What is the asset swap spread and how is it used to assess relative value in fixed income?
My CFA fixed income material mentions asset swap spreads alongside Z-spreads and OAS. How is the asset swap spread calculated, and when would an analyst use it instead of Z-spread for relative value comparison?
The asset swap spread (ASW spread) is the spread over a reference rate (like SOFR or EURIBOR) that an investor earns by entering into an asset swap — buying a bond and simultaneously entering an interest rate swap to convert fixed coupons to floating.
Asset Swap Mechanics:
- Buy a fixed-rate bond at its market price (say 95% of par)

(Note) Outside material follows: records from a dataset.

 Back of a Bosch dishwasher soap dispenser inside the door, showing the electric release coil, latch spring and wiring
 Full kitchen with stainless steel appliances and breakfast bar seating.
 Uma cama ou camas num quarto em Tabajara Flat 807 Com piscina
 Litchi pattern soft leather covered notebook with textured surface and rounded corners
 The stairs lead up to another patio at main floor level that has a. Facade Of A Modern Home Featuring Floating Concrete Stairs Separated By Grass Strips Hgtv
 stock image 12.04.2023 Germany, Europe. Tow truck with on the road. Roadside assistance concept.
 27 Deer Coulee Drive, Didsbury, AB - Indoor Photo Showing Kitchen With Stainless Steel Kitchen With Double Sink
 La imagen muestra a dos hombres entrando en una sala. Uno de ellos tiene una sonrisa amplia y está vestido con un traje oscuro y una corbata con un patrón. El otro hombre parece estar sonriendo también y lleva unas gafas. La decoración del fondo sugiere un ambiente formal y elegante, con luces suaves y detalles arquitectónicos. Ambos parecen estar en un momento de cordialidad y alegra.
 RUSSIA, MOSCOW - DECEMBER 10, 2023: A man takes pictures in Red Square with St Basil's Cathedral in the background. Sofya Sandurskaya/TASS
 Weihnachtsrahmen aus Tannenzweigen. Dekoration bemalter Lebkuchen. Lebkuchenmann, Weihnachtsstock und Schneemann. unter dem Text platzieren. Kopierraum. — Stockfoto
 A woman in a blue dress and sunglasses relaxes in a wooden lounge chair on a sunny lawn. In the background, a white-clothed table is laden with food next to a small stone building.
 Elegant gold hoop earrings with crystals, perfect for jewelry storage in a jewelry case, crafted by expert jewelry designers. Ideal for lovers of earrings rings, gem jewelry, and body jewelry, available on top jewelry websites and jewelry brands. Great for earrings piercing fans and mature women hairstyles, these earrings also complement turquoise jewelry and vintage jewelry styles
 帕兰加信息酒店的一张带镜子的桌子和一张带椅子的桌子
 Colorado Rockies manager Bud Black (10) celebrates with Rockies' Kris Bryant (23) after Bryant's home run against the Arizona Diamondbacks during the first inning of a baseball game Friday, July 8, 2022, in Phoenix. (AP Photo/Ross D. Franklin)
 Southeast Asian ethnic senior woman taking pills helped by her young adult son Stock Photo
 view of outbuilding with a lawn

- Enter an interest rate swap where you:
- Pay the bond's fixed coupon to the swap counterparty
- Receive SOFR + ASW spread from the counterparty
- At maturity, receive par from the bond
The ASW Spread Compensates For:
- Credit risk of the bond issuer
- The bond's price deviation from par (par/off-par adjustment)
- Any embedded options
Calculation Example:
Merrifield Corp 5-year bond:
- Coupon: 5.0% (annual)
- Market price: 96.5 (below par)
- 5-year swap rate: 4.2%
- Bond yield: 5.78%
Simplified ASW spread:
ASW spread (approx) = Bond yield - Swap rate = 5.78% - 4.2% = 158 bps
But the exact calculation adjusts for the purchase at a discount:
The investor pays 96.5 for the bond but receives par (100) at maturity. This 3.5-point gain is amortized over 5 years, adding approximately 70 bps/year. However, the swap is structured at par, creating a present-value adjustment.
ASW Spread vs. Z-Spread:
| Feature | ASW Spread | Z-Spread |
|---|---|---|
| Benchmark | Swap curve | Government spot curve |
| Par/off-par sensitivity | Affected by bond price | Not affected |
| Counterparty risk | Includes swap counterparty risk | Does not |
| Market convention | Used in Europe, bank trading desks | Used in US, buy-side analysis |
| Interpretation | Spread over LIBOR/SOFR for holding the bond | Constant spread over risk-free curve |
When to Use ASW Spread:
- Bank portfolios: Banks fund at SOFR, so ASW spread directly measures the carry over funding costs
- Relative value across issuers: Compare ASW spreads of similarly rated bonds to identify cheap/rich securities
- Basis trading: If ASW spread diverges from CDS spread, a basis trade opportunity exists
Basis Trade Opportunity:
If ASW spread = 160 bps but CDS spread = 130 bps:
- Buy the bond + asset swap (earn 160 bps)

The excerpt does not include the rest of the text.